And then there was Greg in St James’s
Park, embarrassed as he told her about rock stars and his concept of aural
magic.
"I think the shamans and holy
men in primitive societies may have had a touch of this...that's what some rock
stars may be tapping into."

“Shamans and holy men…”
The words repeated in her half-sleeping
mind. Shamans and holy men were spiritual leaders, men who knitted groups of
people together.
 

Her mind wandered on. She’d been
a modern historian, but her father had been a medievalist. He’d studied holy
men, messianic religious movements and sects in the Middle Ages more than
shamans, but he would have had a view. He always did.
“Always remember, Kate,”
he’d said so often when she’d been growing
up,
“where human behaviour is concerned
there’s nothing new under the sun. It’s only the circumstances that change.”

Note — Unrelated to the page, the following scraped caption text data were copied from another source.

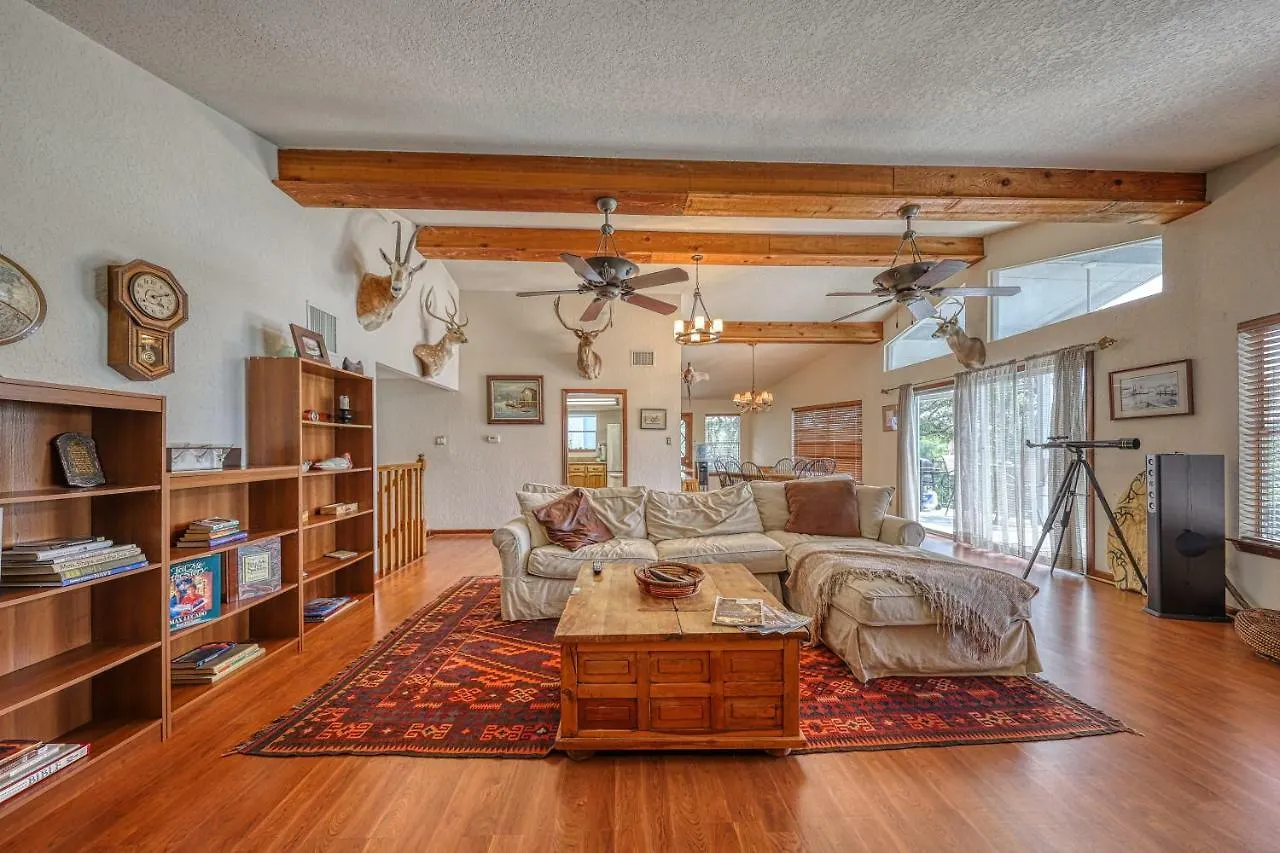 Riverside Manor Holiday home Canyon Lake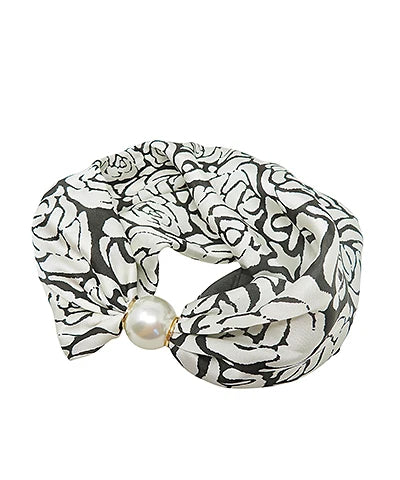 GS PEARL MAGNET SCARF NECKLACE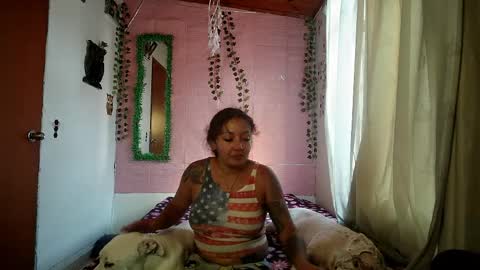 Snapshot of sexy_lolas chatting on April 19, 2026, 10:56 pm sexy lolas online show from April 19, 2026, 10:56 pm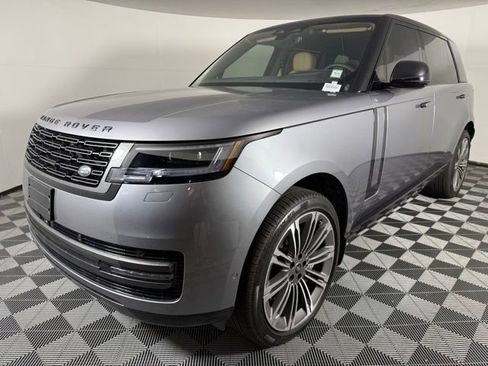 New 2025 Land Rover Range Rover Long Wheelbase SE image 3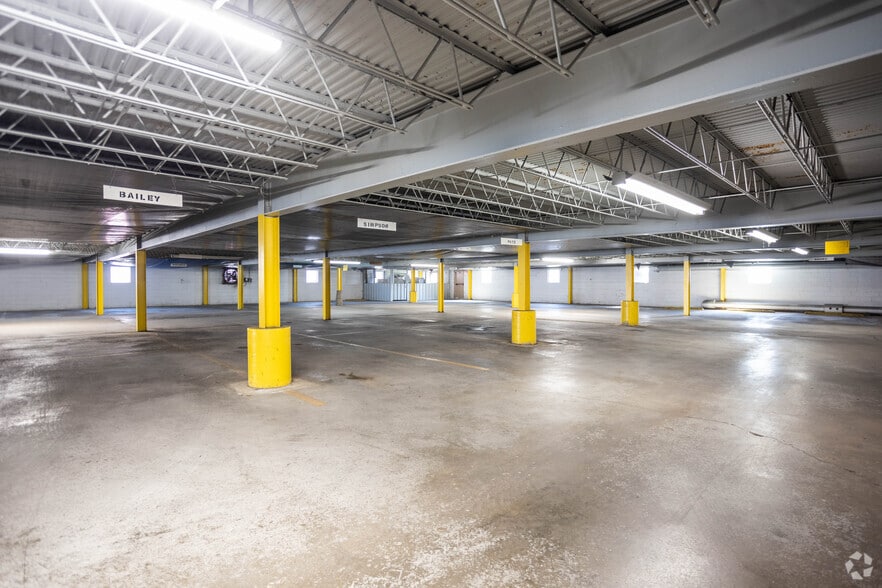 More Photos Of 2100 E High St, Springfield Apartments For Lease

She slept for a while, but, when
disturbed by another passenger’s reading light being switched on, she sat up,
and, drawing up the blind, peered down into the blackness. Somewhere below was
the north Atlantic, and momentarily she
thought about Leonardo di Caprio and Kate Winslet in the movie
Titanic
. And, then, by association, she remembered
the old black and white film,
A Night To
Remember
, showing the orchestra of the Titanic playing
Abide With Me
on the sinking ship.

Abide With Me
. It was a good tune, a Cup Final hymn, a prayer for
solace. But was it something else?

A picture of Donna Hallsden
watching YouTube while doing her homework came to mind next. One of her friends
had said that Donna had been good at jigsaws.

Jigsaws!

She was doing a jigsaw, too, it
seemed. But so far she’d just been turning over the pieces, trying to see if
any of the colours matched. The next step would be to try to fit some of the
pieces together.

For a while she dozed again, her
canvas bag with the filmed interviews at her feet, the heavy drone of the 747's
engines anaesthetizing her senses.

Next time she woke with a start.
The tune to
Abide With Me
was still
running through her mind, but now she was remembering hearing it mentioned
recently. Ned Swann, on the foreign desk, had said that he would prefer it at
his funeral.

Prefer it to what?

It came in a rush.
“Live for love,”
she found herself
saying
.
They were the words of the song
that Ali and Jenny had chosen for Donna Hallsden's funeral, the song that had
been played during the funeral of a father and his children in England.
She’d watched it one morning at WSN when Ned had become irritated, grumbling
that lapping music over news stories turned them into entertainment.


Live for love…
” the phrase was now running circuits in her mind.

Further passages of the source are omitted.